Les mules claquaient sur les carrelages des couloirs, où des portes se succèdent, discrètes et propres, avec des serrures minuscules.

Je rejoins l’aile nord du manoir, au second étage. Là, un imposant valet m’accueille, nu, le mandrin en érection, avec juste un gilet sur son torse musclé et une cravache.

Ma cellule est composée d’une petite chambre faiblement éclairée par une petite fenêtre à mi-hauteur du mur, me plongeant une semi-obscurité. Il y a divers crochets reliés par des chaînes, mais aucun lit, juste un chevalet pour me dresser.

A côté, se trouve une petite salle de bains avec de nombreuses glaces et miroirs sur les murs et au plafond, avec une petite baignoire, accessible par des marches, avec des crochets reliés à des chaînes, un bidet et une tablette avec le nécessaire de maquillage et des parfums.

Le valet me fouette comme convenu, la bouche libre, sur le chevalet, jusqu’à l’épuisement. Il fouette juste mes fesses et mes cuisses, me retire le bijou d’anus et il m’encule longuement. Je jouis. Il éjacule dans ma bouche.

Le valet me libère du chevalet et me conduit à la salle de bains. Je découvre mes cuisses et mes fesses zébrées et rougies dans les miroirs et les glaces.

Il me mène sur le bidet où je m’assois, courbée en avant, cuisses écartées. Le valet me savonne l’anus à deux doigts, puis il m’enfonce une canule, montée à l’extrémité d’un tuyau venant du plafond, par laquelle il m’asperge d’eau tiède. Je jouis sous les jet. Le valet me masturbe le clitoris et me doigte la chatte simultanément.

Tu mouilles bien.

Je me lève et je m’accroupis dans la baignoire, remplie d’eau tiède, les bras tendus en l’air, face au valet. Je garde mes yeux baissés, tandis que son éponge passe sur mon corps, s’attardant sur mes seins, ma chatte, mon clitoris et mes fesses.

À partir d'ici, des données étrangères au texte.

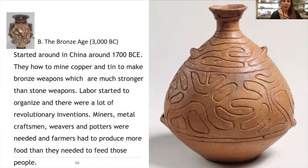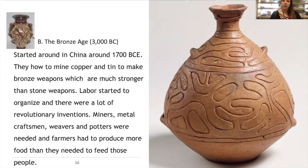The bronze age started in China around 1,700 BC. They learned how to mine copper and tin to make bronze weapons, which are much stronger than stone weapons, making them a more dominant culture. Labor also started to organize — metal craftsmen, weavers, basket makers, and potters were needed. Farmers had to produce more food to feed whole communities, not just their own families. There was more trade, more travel, and more exchange of information.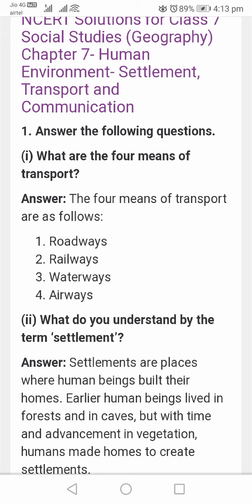The first question is: what are the four means of transport? The four means of transport are as follows: one, the roadways; two, the railways; three, the waterways; four, the airways.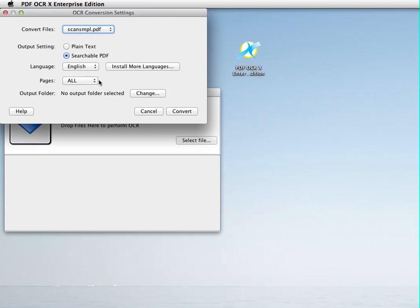Language is English. It's only one page, so I'm going to do them all. And I'm going to click convert.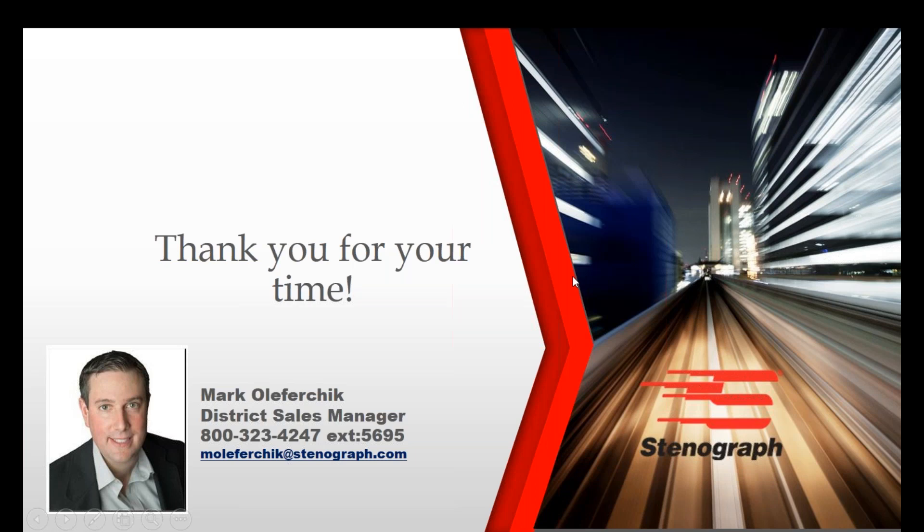Thank you for your time today and make sure you take a look at the other two Luminex adjustment videos on Keyboard Tension and Depth of Stroke and Individual Key Adjustments. Have a great day.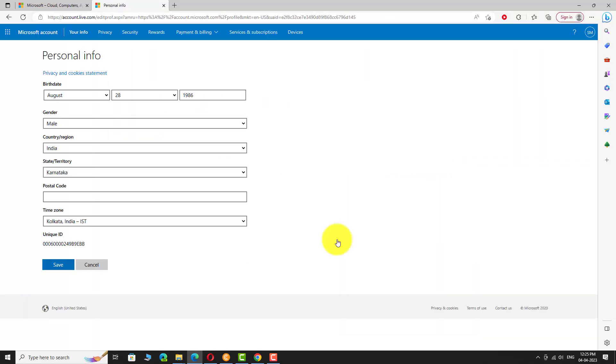Under personal info section, you can find your unique ID at the bottom of the page. This is how you can find your unique ID on a Microsoft account. Thank you for watching.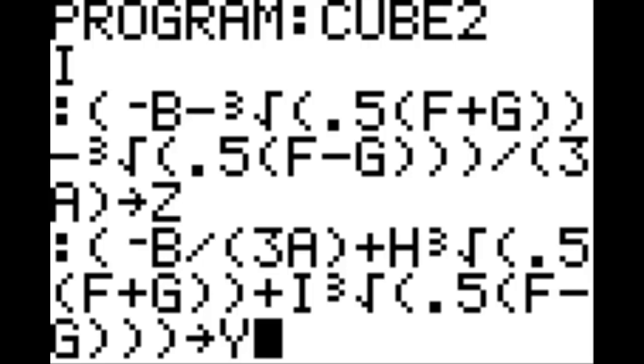On this next line, we're going to put, in parentheses, negative B divided by, in parentheses, 3, A, in parentheses, plus H, in parentheses, cube root of 0.5, in parentheses, F plus G, 2 in parentheses, plus I, cube root of 0.5, in parentheses.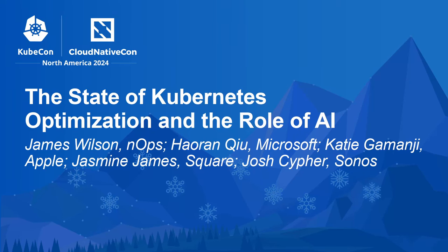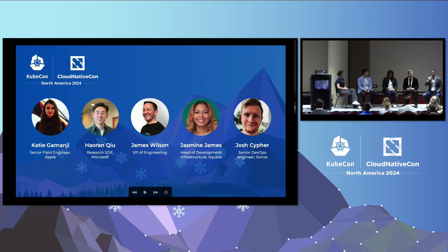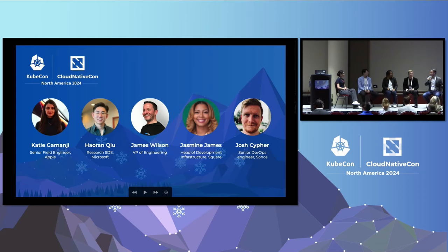Thanks for joining us today. This is the state of Kubernetes optimization and the role of AI. My name is James Wilson, and I lead engineering at a company called NOps, where we're thinking about this stuff every day.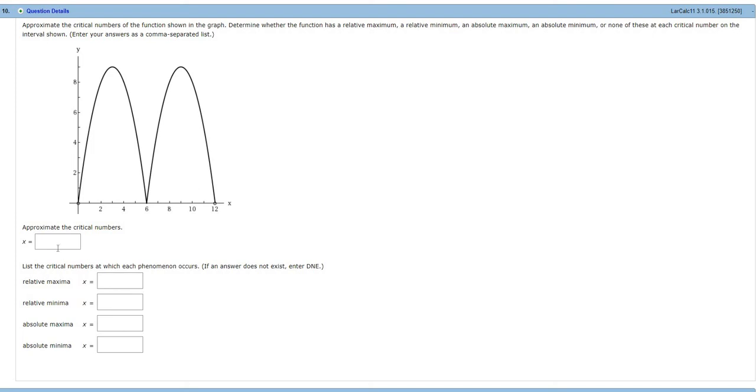Okay, so we have a graph and we have to find the critical numbers. Critical numbers are numbers in the domain of the function where the derivative is 0 or undefined. So looking at this graph, we know that the derivative should be 0 at 3,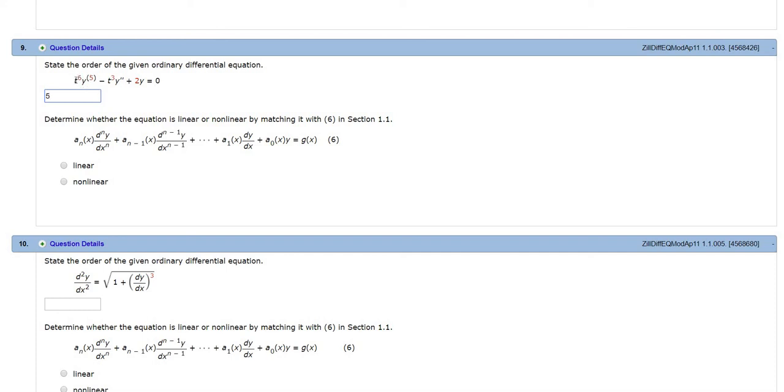In front of y and all of its derivatives, you have pure functions of t. Here you have t to the sixth—looks good, t cubed—looks good, 2—which is fine. If there was a y here instead of t cubed, it would be nonlinear. But in this case,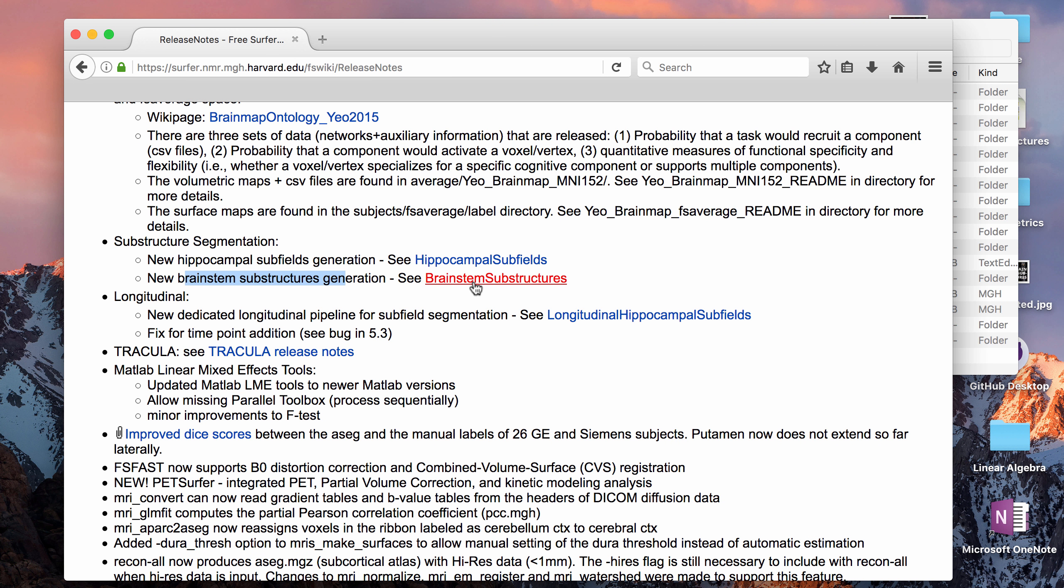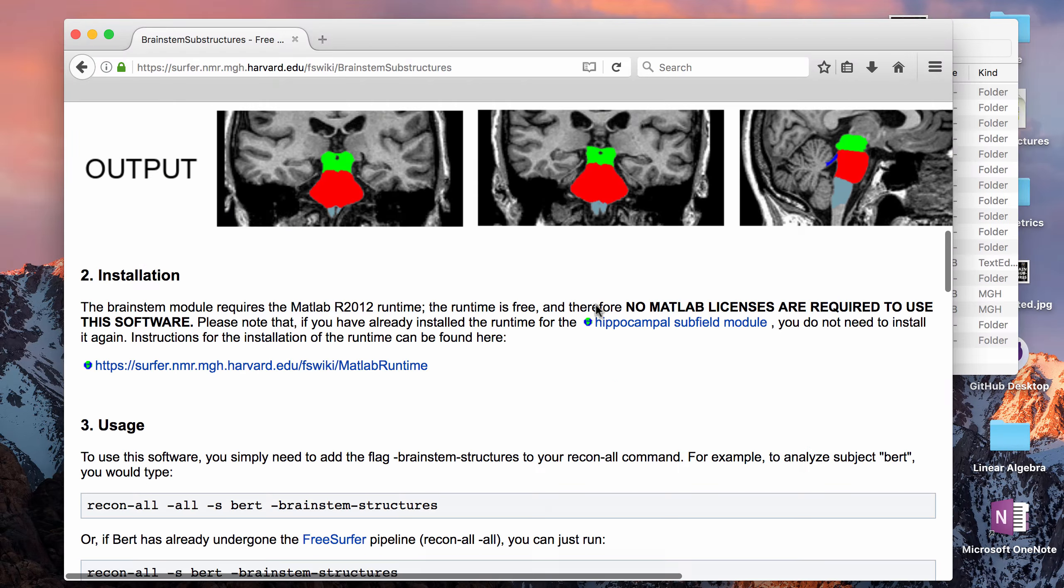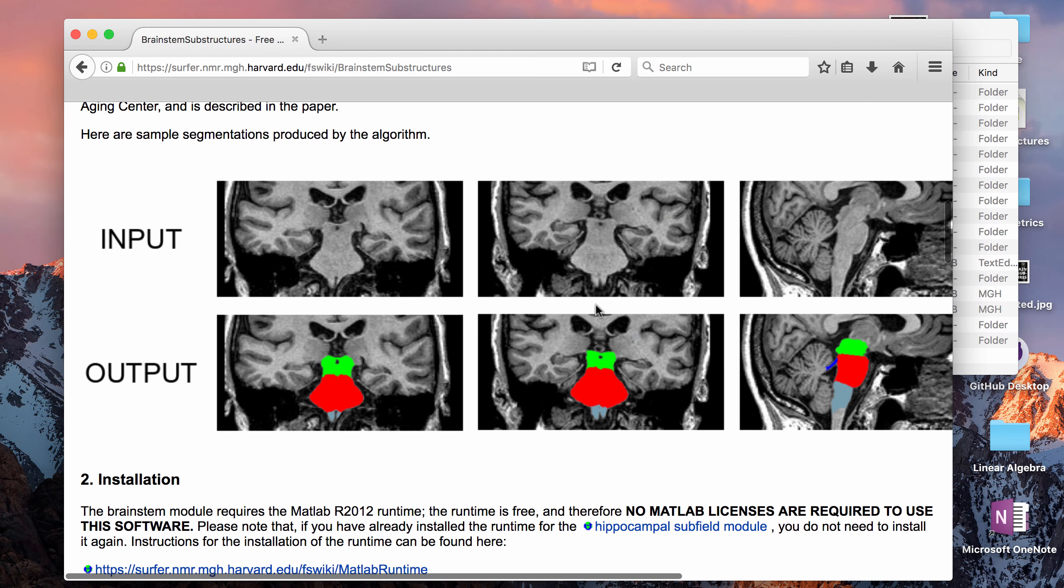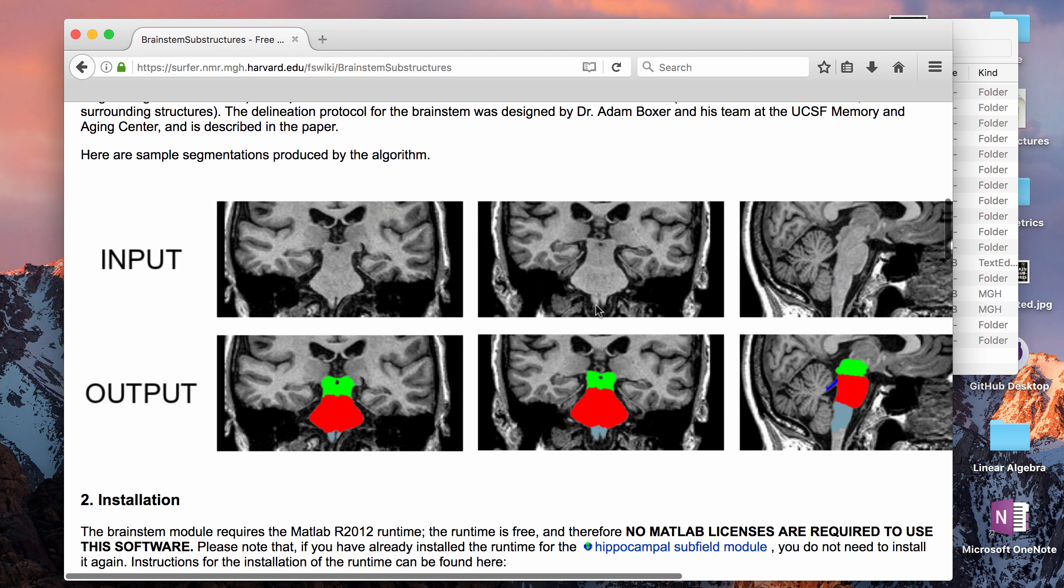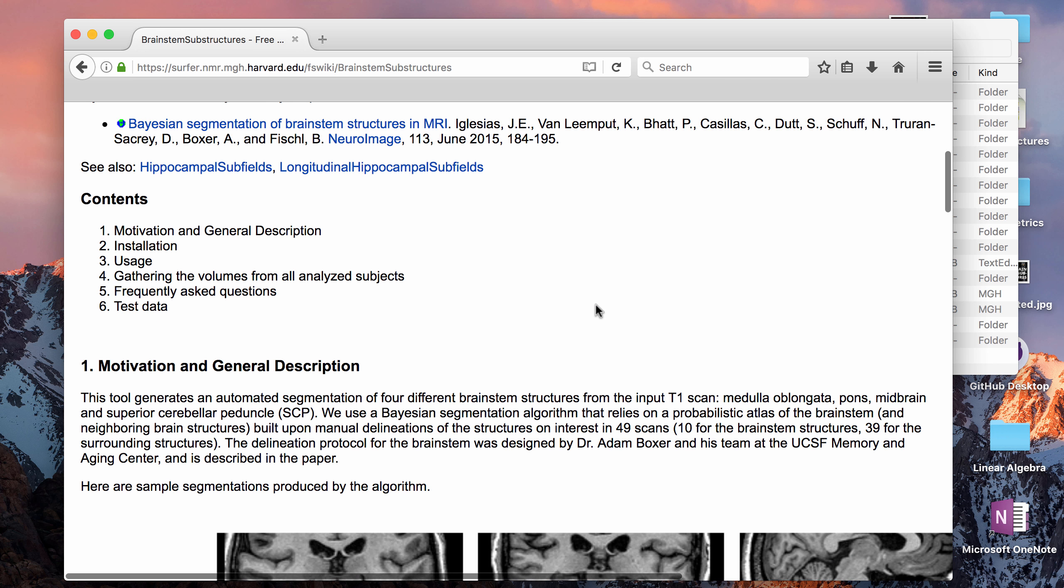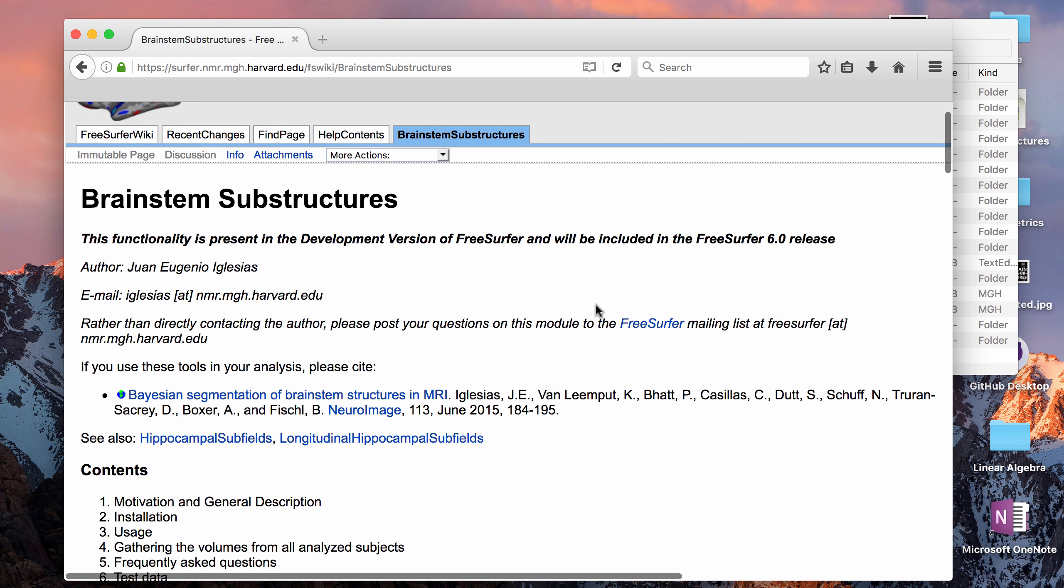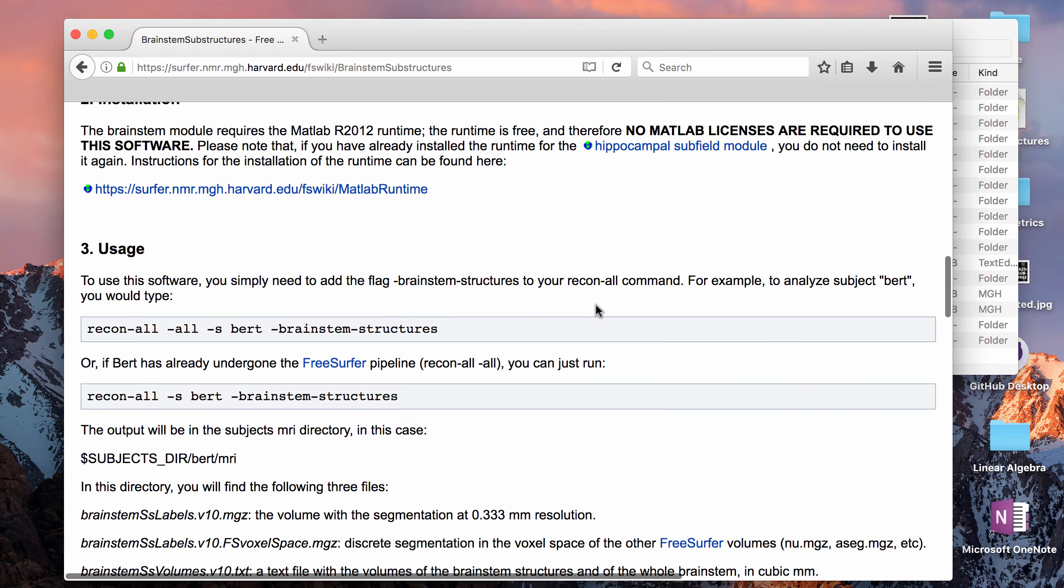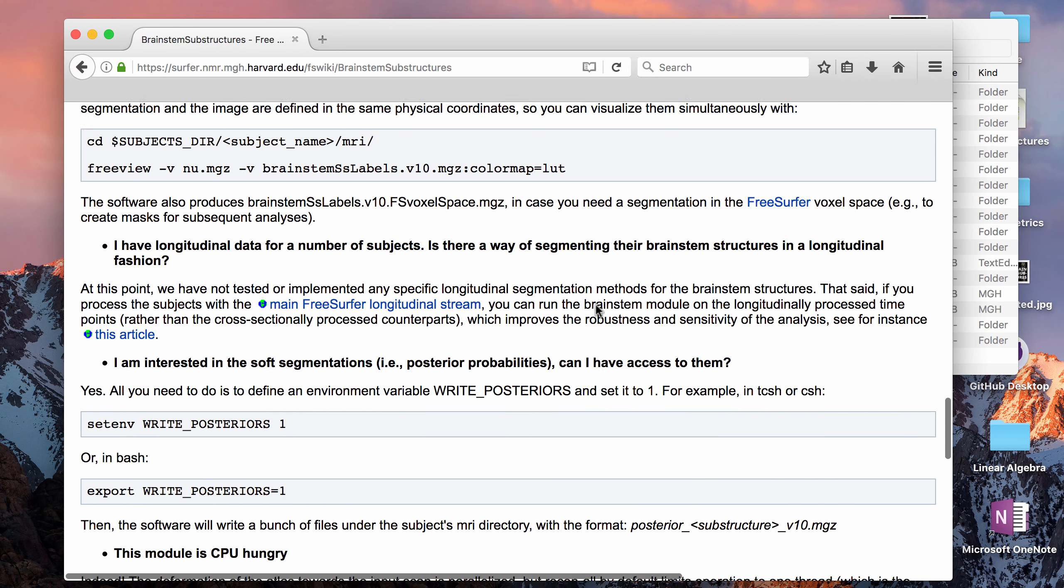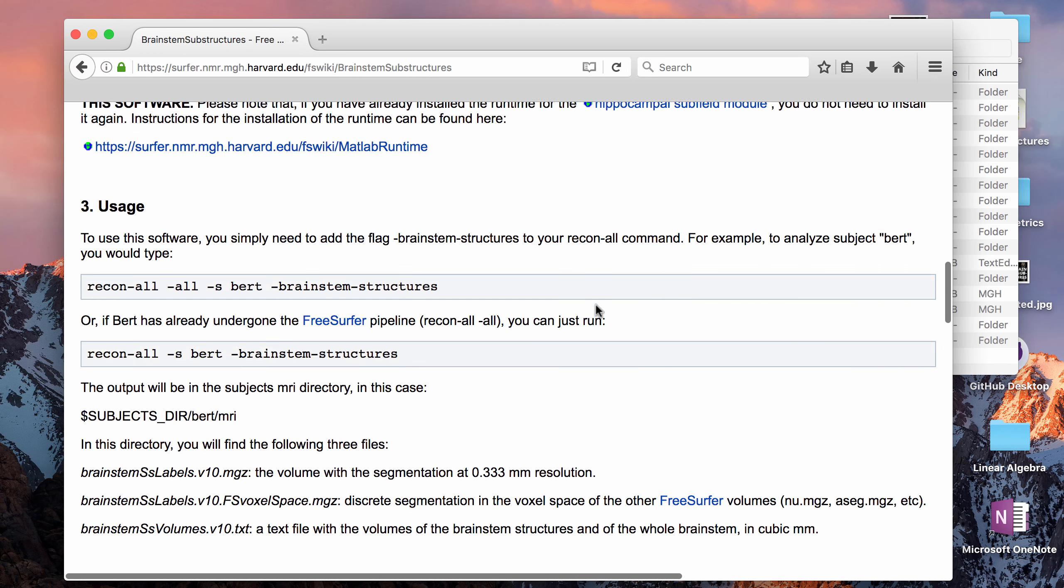I'm going to follow along the tutorial on this page, so I will put a link in the description box below. It will give you output that looks like this. I already ran it on one subject yesterday, so I'll show you guys what that looks like and I'll show you how to run it for a new subject and also how to get volumetric data from it.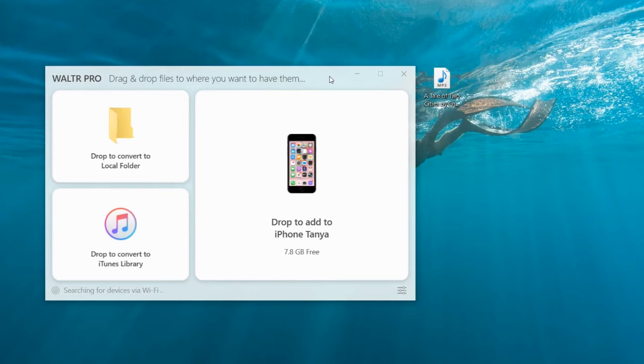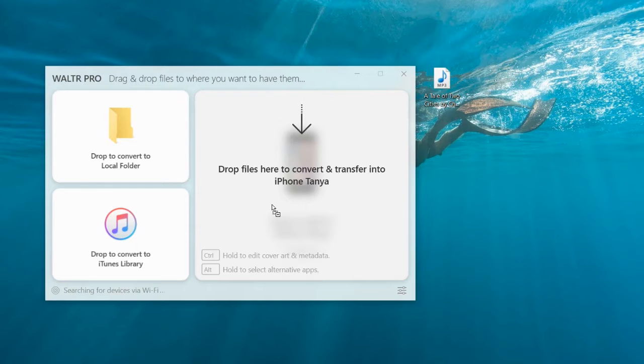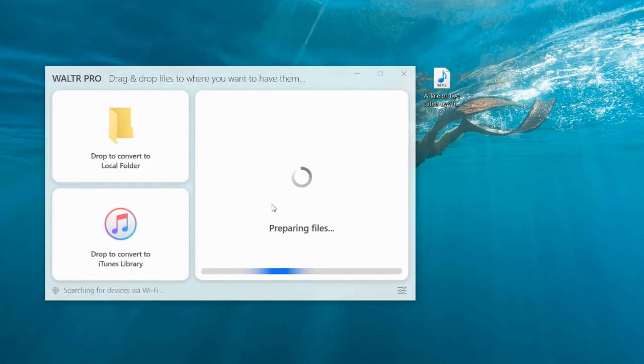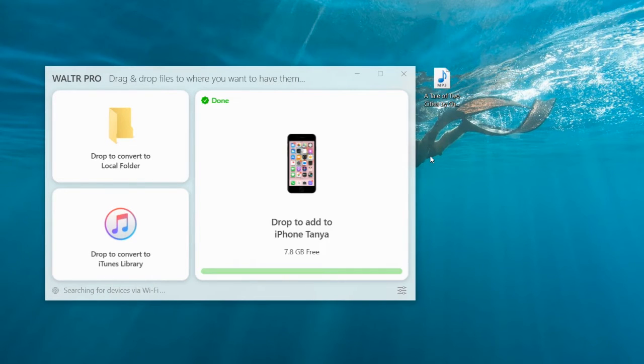Step 2: Drag and drop. Pick your file from a Finder or a desktop, drop it into Walter, and wait for several seconds.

Il me savonne longuement, puis il me rince avec un jet d’eau tiède.

Il me détache.

Je sors de l’eau. Je me mets devant la tablette. Une des femmes entre, nue, ferrée et marquée, avec ses carcans en fer. Elle me farde la bouche avec un rouge clair, un peu liquide, qu’elle applique au pinceau, et qui fonce en séchant. Elle me peint du même rouge l’aréole et mes mamelons, et les petites lèvres entre mes cuisses, en soulignant la fente du giron. Elle me poudre le visage. Elle me parfume et dans la glace, je vois mes seins et mes aisselles briller sous les fines gouttelettes agglomérées comme s’ils sont couverts de sueur. Le valet me lie les mains dans le dos et me fixe une barre d’écartement aux bracelets de mes chevilles, les maintenant écartées. La femme glisse ses mains le long de mon corps pour enduire ma chatte et mon anus du parfum. Je gémis.

Une fois prête, je choisis mes mules à hauts talons de seize centimètres et six de plate-formes pour accentuer ma cambrure.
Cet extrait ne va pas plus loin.